Brief => Task for the records below: copy exactly, and only, the line containing "Zgrabne pufy do twojego pokoju" and every line after it to the end, with pictures left out.

* * *

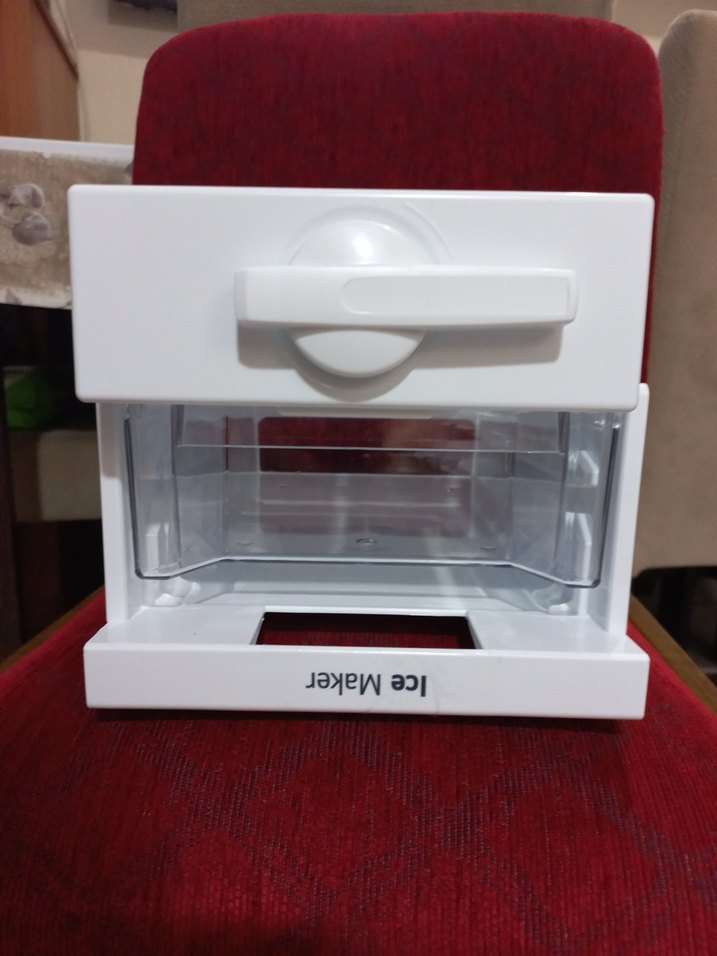 Beyaz Buz Küpü Kalıbı ve Kutusu - Görsel 5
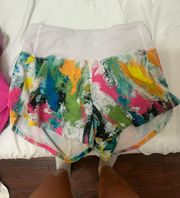 Speed Up Shorts 4”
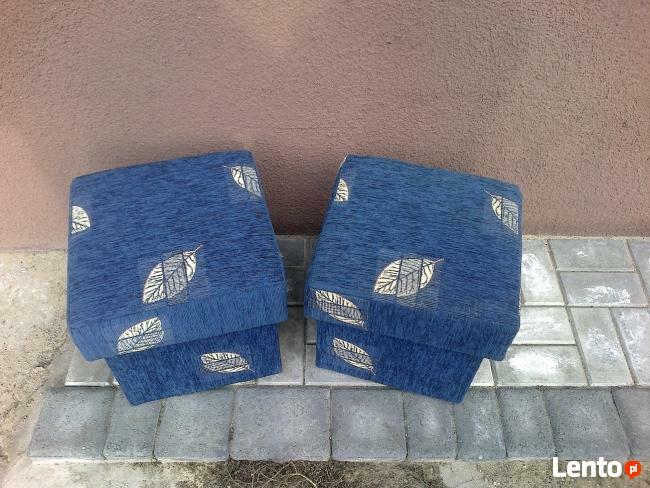 Zgrabne pufy do twojego pokoju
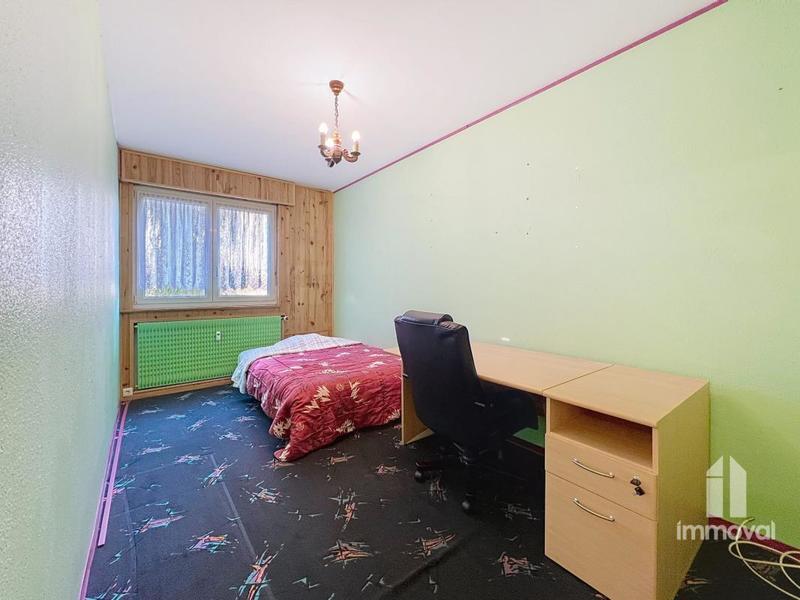 Appartement - 83 m² - 4 pièces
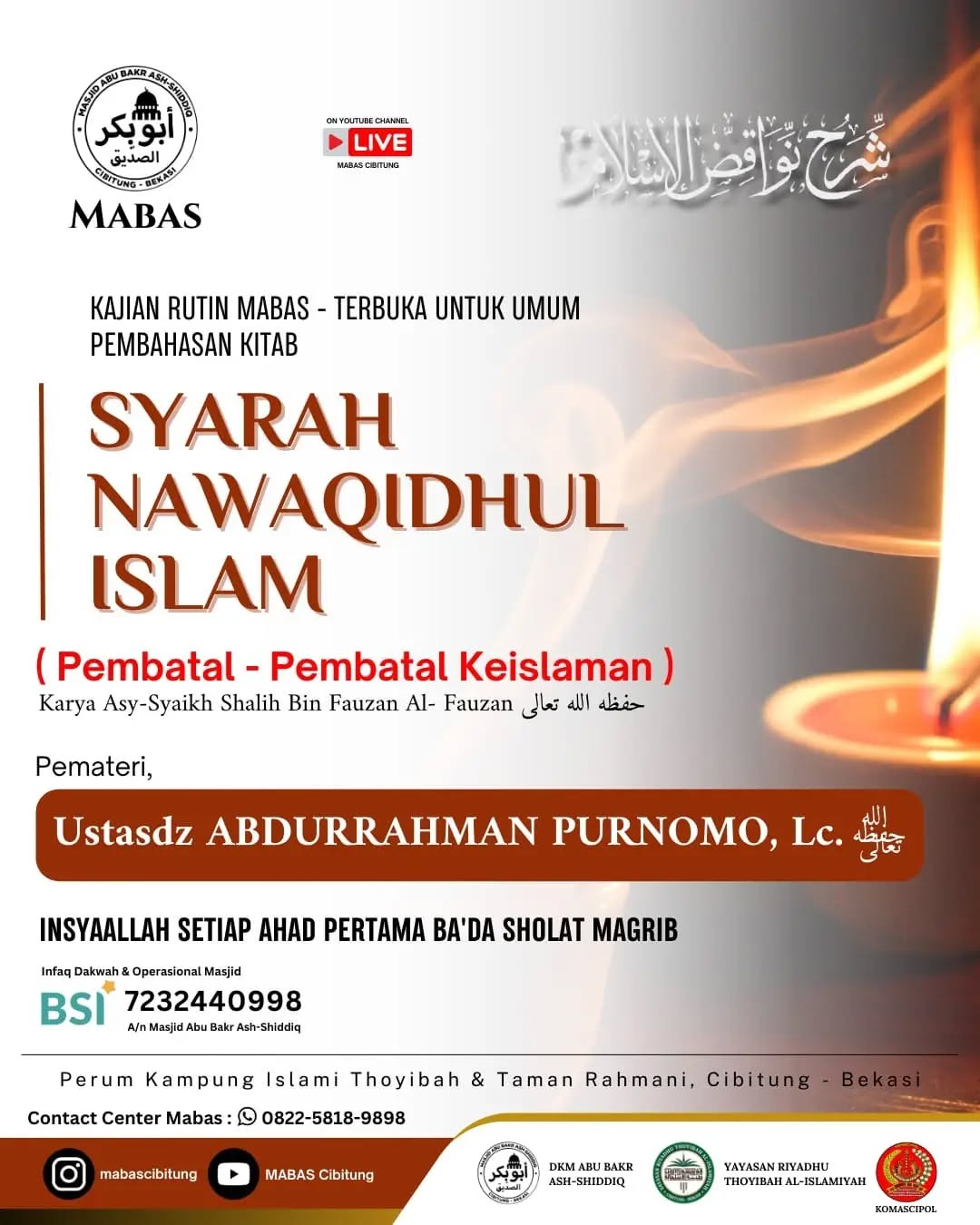 Poster asli dari @mabascibitung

* * *

Solution for this problem =>
 Zgrabne pufy do twojego pokoju
 Appartement - 83 m² - 4 pièces
 Poster asli dari @mabascibitung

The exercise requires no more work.